- Born: 12 February 1916 Andrushivka, Russian Empire (now Ukraine)
- Died: 6 June 1986 (aged 70) Kiev, Soviet Union (now Ukraine)
- Occupations: Journalist and writer

= Valentyn Rechmedin =

Ukrainian journalist and writer

Valentyn Ostapovych Rechmedin (Валентин Остапович Речмедін, Валентин Остапович Речмедин; 12 February 1916 – 6 June 1986) was a Ukrainian journalist and writer.

== Biography ==
He grew up in the village of Andrushivka in present Pohrebyshche Raion, Vinnytsia Oblast (province), where his father was a teacher.

After studies at Uman Cooperative Technicum (Уманський кооперативний технікум) he started his career as a journalist in 1934 at Molodyi Bilshovyk (Молодий Бiльшовик) in Vinnytsia. In 1939 he started to work at Vilna Ukraïna (Вільна Україна) and later at Leninska Molod (Ленінска Молодь) in Lviv.

Valentyn remained in Ukraine also after the German invasion of the Soviet Union in the summer of 1941. Later he became active in the Soviet partisan movement in the Vinnytsia area. In his partisan group he edited its Partyzanska Pravda. After the war he was awarded the Order of the Red Star.

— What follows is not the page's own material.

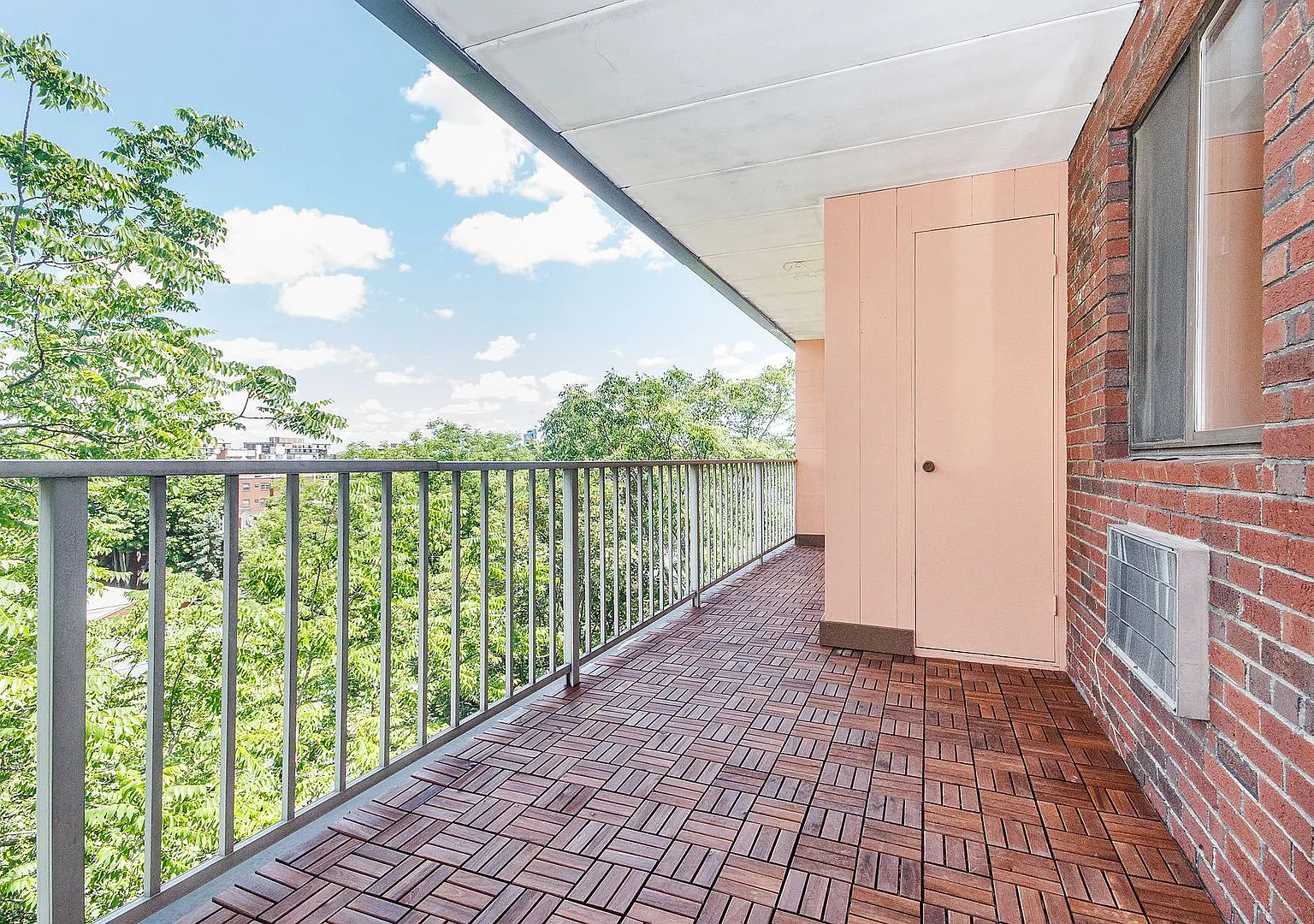 Large 1 bed in Brookline — Photo 2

After World War II he moved to Kiev where he worked at the newspapers Radianska Ukraïna, Literaturna Ukraïna (as deputy chief editor) and Kultura i zhyttia (as chief editor) and the magazine Vitchyzna (as deputy chief editor from 1963).

Valentyn started to write novels after the war. The stories were often based on his own experiences during the war. He always wrote in the Ukrainian language, but several books have been translated into Russian.

Valentyn was also a well-known drama and literary critic.

In one of his literary critiques of Mykhailo Stelmakh published in May 1972, Rechmedin noted: "The older generation sees itself in the heroes of Velyka ridnya, Krov lyudska - ne vodytsia, Pravda i Kryvda, Khlib i sil those who had their souls scarred with disaster, poverty, hard work and injustice.

==Bibliography==

- 1951 Na verkhovyni
- 1958 Koly zakypala krov
- 1960 Viter z berehiv iunosty
- 1960 Vidchynyv u svit ya dveri...
- 1961 Vesniani hrozy
- 1962 Tvii pobratym. Romantychna istoria.
- 1965 Khodimo zi mnoiu, synu!
- 1967 Divchyna v ternovomu vinku
- 1971 Vohon batkovykh ran
- 1974 Narodzhennia Afrodity
- 1975 Pora piznikh dorih
- 1979 Za vesnoiu vesna
- 1983 Navpereimy doli
- 1986 Vybrani tvory (Koly zakypala krov & Khodimo zi mnoiu, synu!)